I realized I was really unclear on when it was safe to re-use session tickets, e.g. if TLS settings changed, so I asked around and got a pretty good answer:

<davidben> Session resumption typically carries over the authentication from the previous connection. So, yeah, if you have two connections with different client cert preferences, they should not share sessions.
<davidben> Other bits of parameter negotiation may also be short-circuited, but it depends on the server. (E.g. OpenSSL will short-circuit cipher suite negotiation but we fixed that in BoringSSL at some point. It interacts badly with ticket renewal and server config changes.)
<njs> davidben: so it sounds like possibly a session ticket cache should just key off of "all TLS-related configuration"?
<davidben> njs: It's probably a bit excessive, but not wrong either.
[...]
<davidben> Right but since you already have to suitably partition your per-request config bits for connection reuse, the simplest thing is to partition the session resumption similarly.
[...]
<njs> yeah, if the answer is "treat session tickets like they're connections" then that's straightforward enough

So it sounds like session tickets probably should get handled at the same level as the connection pooling – which I guess will be a lower level "HTTP transport" object, not a higher-level "session with cookies and stuff" object?

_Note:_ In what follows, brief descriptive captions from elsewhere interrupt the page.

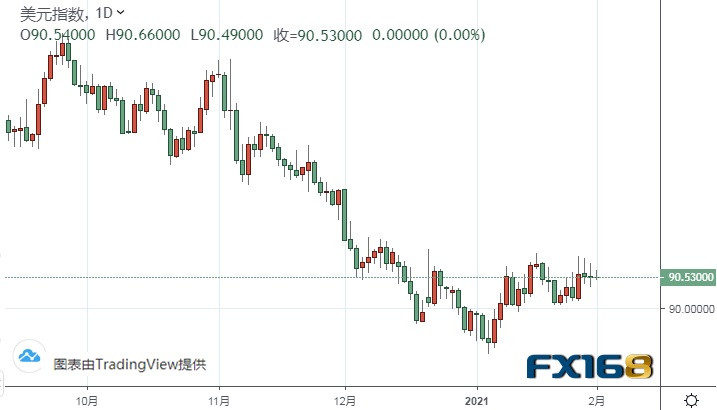 (美元指数日线图来源：FX168)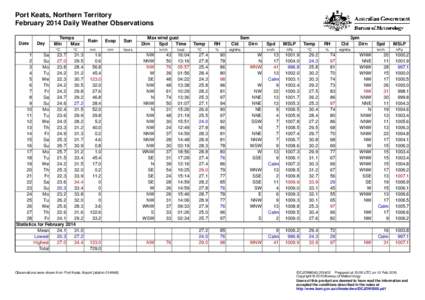 Port Keats, Northern Territory February 2014 Daily Weather Observations Date Day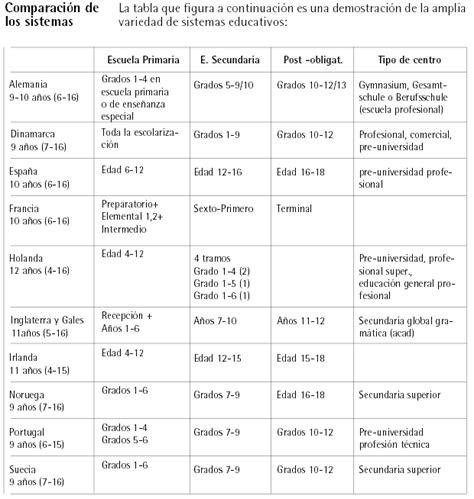 Diferencias en los sistemas de evaluación de las matemáticas al final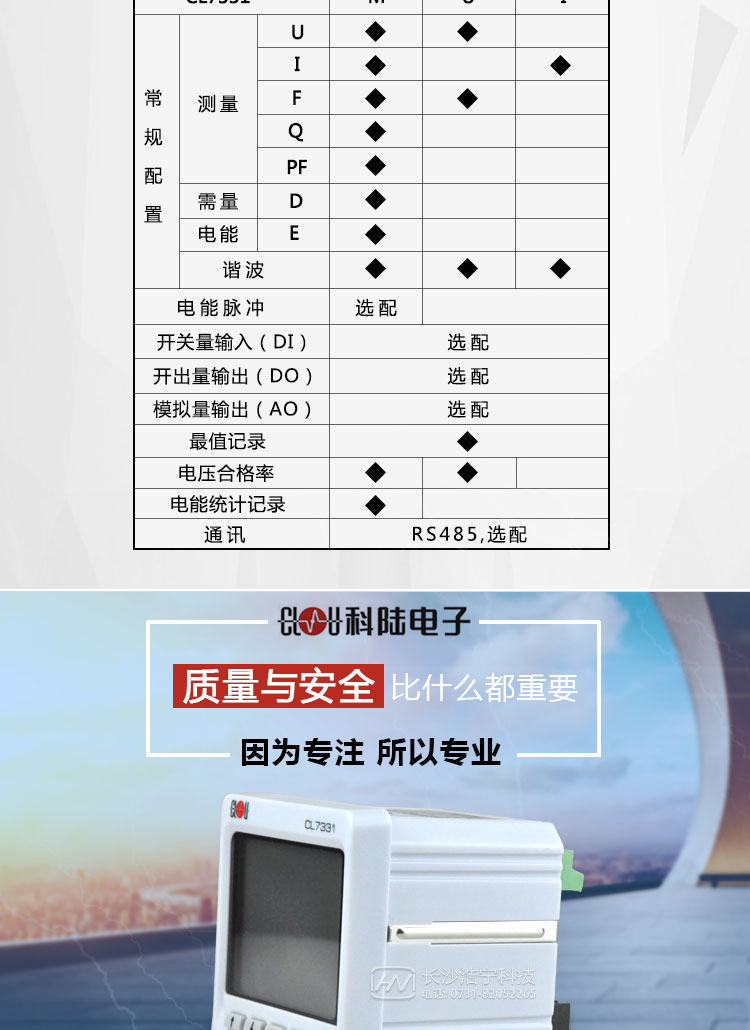 深圳科陸CL7331M三相數智電力儀表產(chǎn)品概述
深 圳科陸CL7331M三相數智電力儀表是一種96×96的嵌入式安裝的塑殼儀表，具有精確電量測量、電能計量、諧波、可編程越限報警、最值 記錄、電能統計、通訊等功能;配有豐富的輸入輸出接口，可用于現場(chǎng)設備的狀態(tài)監測與控制，為電力應用專(zhuān)家提供量測支持，為SCADA和智能電網(wǎng)提供數據基 礎，為能效管理、能源管理提供決策依據。
采用大屏幕液晶顯示，以高可靠的工業(yè)標準設計而成，采用多種隔離和抗干擾措施，能夠在高干擾電力系統環(huán)境可靠運行。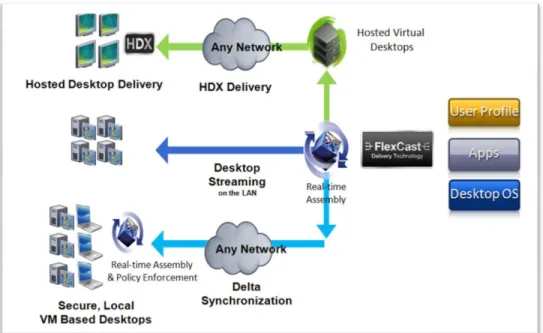 Figure 2. Next Generation Client Computing Paradigm 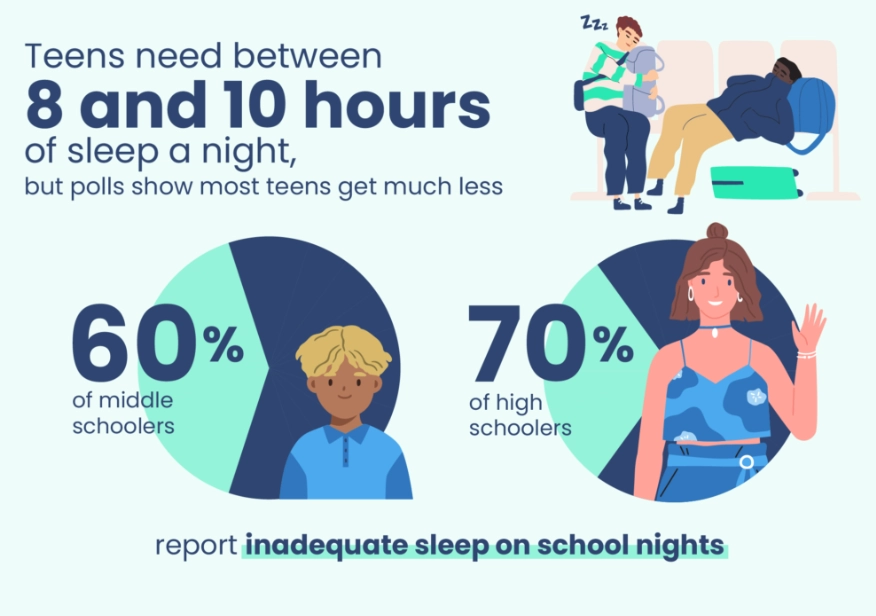 how much sleep do I need how much sleep do I need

I guess optimally, HSTS and Alt-Svc should be handled at this level as well. It doesn't make sense to stop enforcing HSTS just because you switched to a different set of cookies! And it makes sense architecturally too, because the "HTTP transport" is responsible for TLS and protocol negotiation, and that's what tickets/HSTS/Alt-Svc are all about. (Versus cookies, caches, redirects, which are all defined at the level of HTTP's abstract semantics, and don't care about transport details.)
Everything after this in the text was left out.